▶ _EXERCISE DATA_
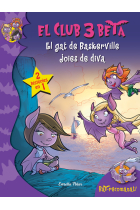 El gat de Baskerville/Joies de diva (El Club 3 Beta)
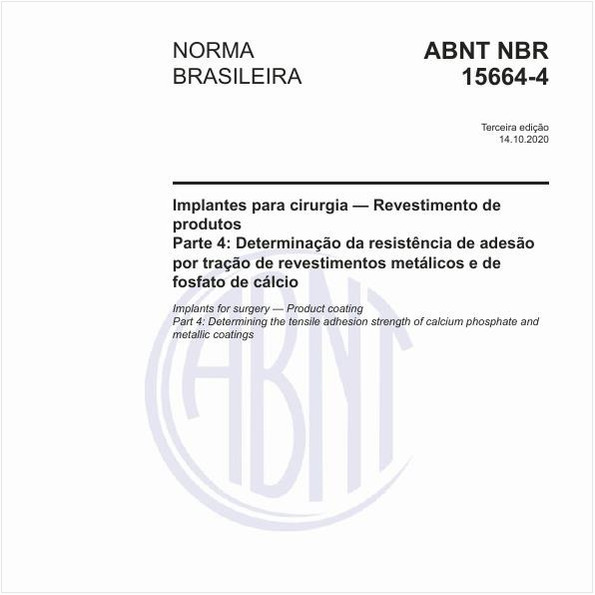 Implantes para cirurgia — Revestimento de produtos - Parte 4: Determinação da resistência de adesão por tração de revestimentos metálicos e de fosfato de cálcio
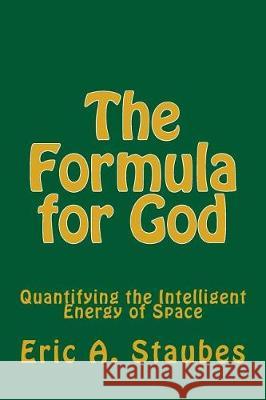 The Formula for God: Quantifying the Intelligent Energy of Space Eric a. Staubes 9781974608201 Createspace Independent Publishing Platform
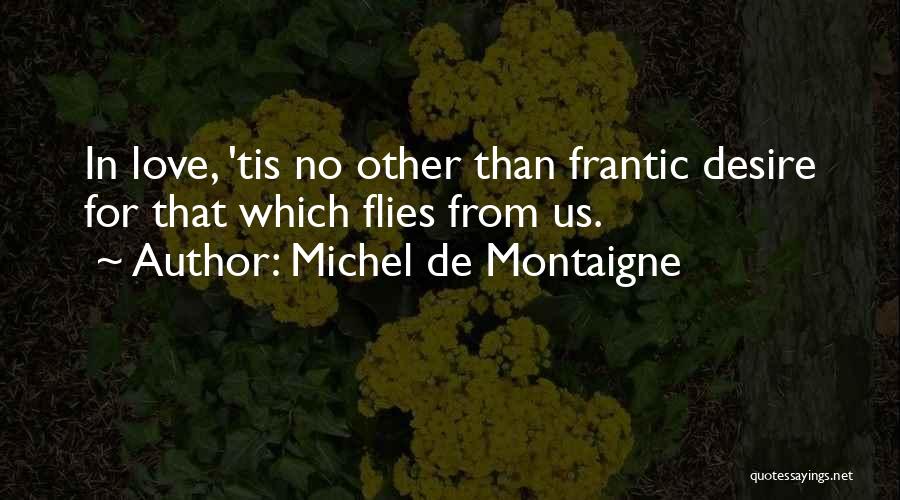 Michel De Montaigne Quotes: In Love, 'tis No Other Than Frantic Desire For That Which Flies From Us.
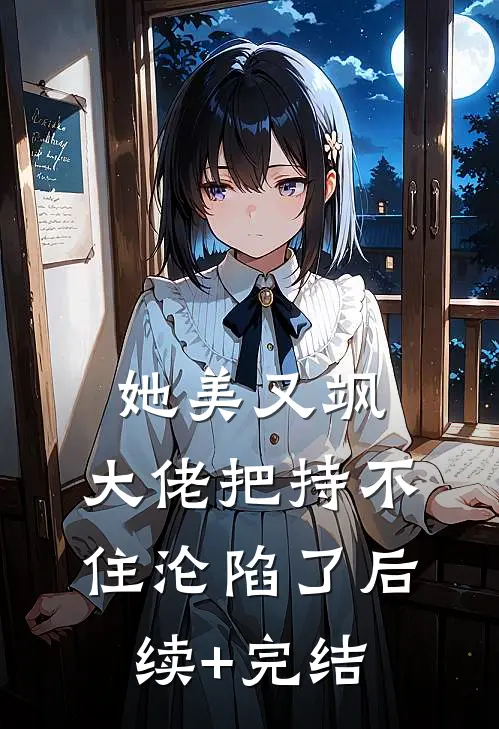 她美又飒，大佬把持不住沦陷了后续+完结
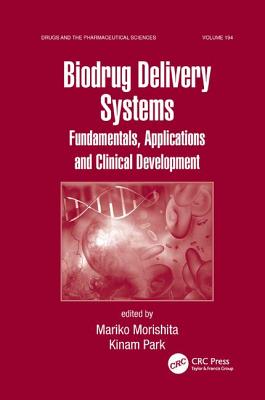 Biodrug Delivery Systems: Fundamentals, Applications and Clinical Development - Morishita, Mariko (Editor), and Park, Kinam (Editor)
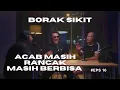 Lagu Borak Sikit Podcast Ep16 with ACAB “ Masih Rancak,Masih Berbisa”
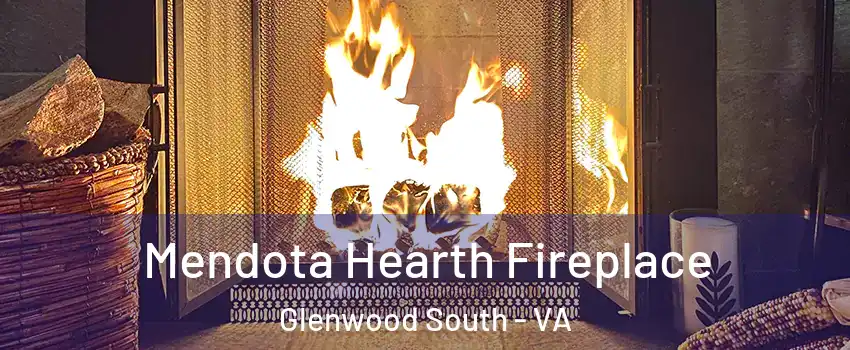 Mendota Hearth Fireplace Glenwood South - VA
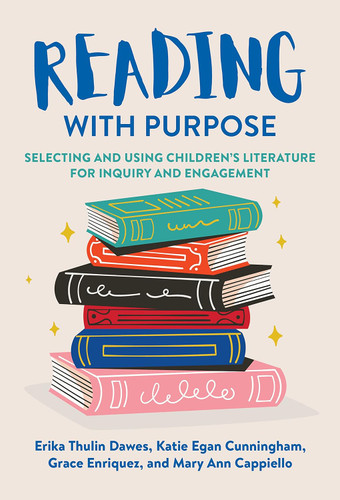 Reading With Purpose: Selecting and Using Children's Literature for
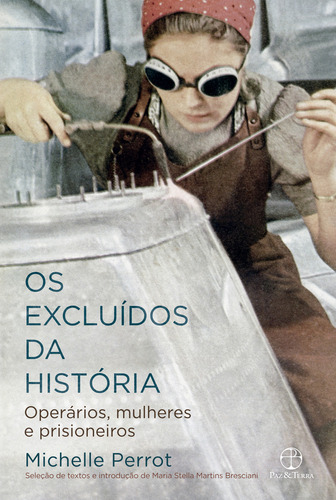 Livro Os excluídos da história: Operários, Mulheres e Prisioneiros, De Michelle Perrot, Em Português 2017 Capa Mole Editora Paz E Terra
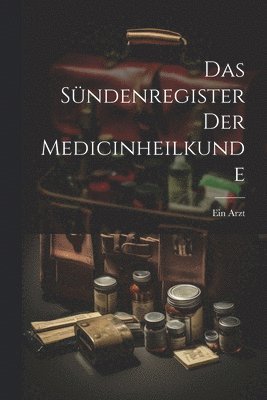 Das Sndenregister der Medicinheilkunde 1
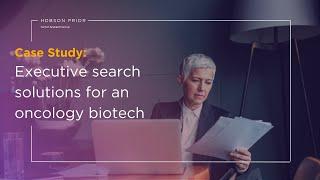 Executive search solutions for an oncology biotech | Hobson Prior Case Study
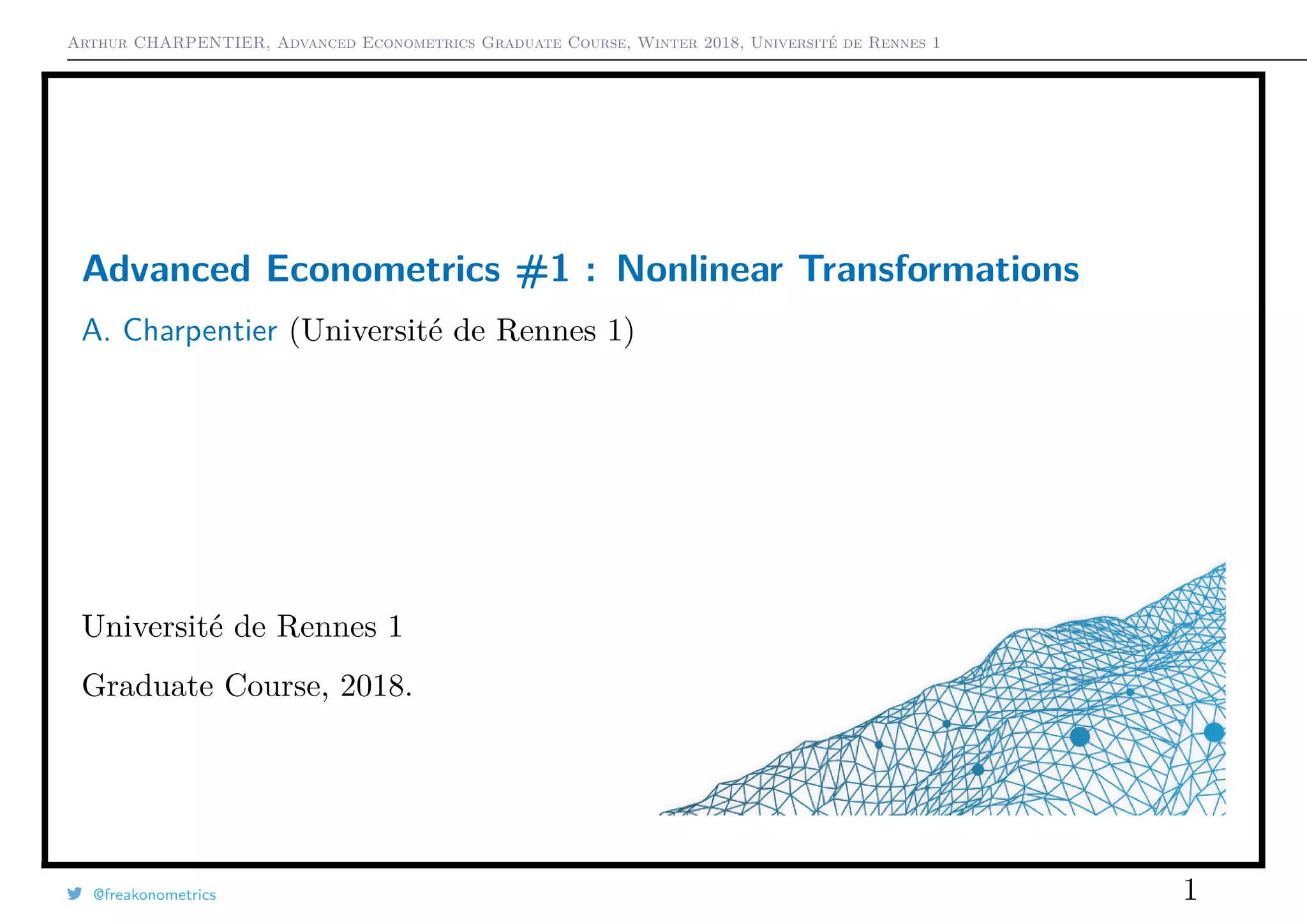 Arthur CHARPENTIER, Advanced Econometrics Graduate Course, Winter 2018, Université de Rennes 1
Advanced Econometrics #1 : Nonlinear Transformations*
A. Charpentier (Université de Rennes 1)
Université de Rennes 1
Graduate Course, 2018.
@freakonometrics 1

▶ _EXERCISE DETAILS_
With every picture omitted, write out the material exactly from its first line through the line containing "Livro Os excluídos".

▶ _RESPONSE BELOW_
 El gat de Baskerville/Joies de diva (El Club 3 Beta)
 Implantes para cirurgia — Revestimento de produtos - Parte 4: Determinação da resistência de adesão por tração de revestimentos metálicos e de fosfato de cálcio
 The Formula for God: Quantifying the Intelligent Energy of Space Eric a. Staubes 9781974608201 Createspace Independent Publishing Platform
 Michel De Montaigne Quotes: In Love, 'tis No Other Than Frantic Desire For That Which Flies From Us.
 她美又飒，大佬把持不住沦陷了后续+完结
 Biodrug Delivery Systems: Fundamentals, Applications and Clinical Development - Morishita, Mariko (Editor), and Park, Kinam (Editor)
 Lagu Borak Sikit Podcast Ep16 with ACAB “ Masih Rancak,Masih Berbisa”
 Mendota Hearth Fireplace Glenwood South - VA
 Reading With Purpose: Selecting and Using Children's Literature for
 Livro Os excluídos da história: Operários, Mulheres e Prisioneiros, De Michelle Perrot, Em Português 2017 Capa Mole Editora Paz E Terra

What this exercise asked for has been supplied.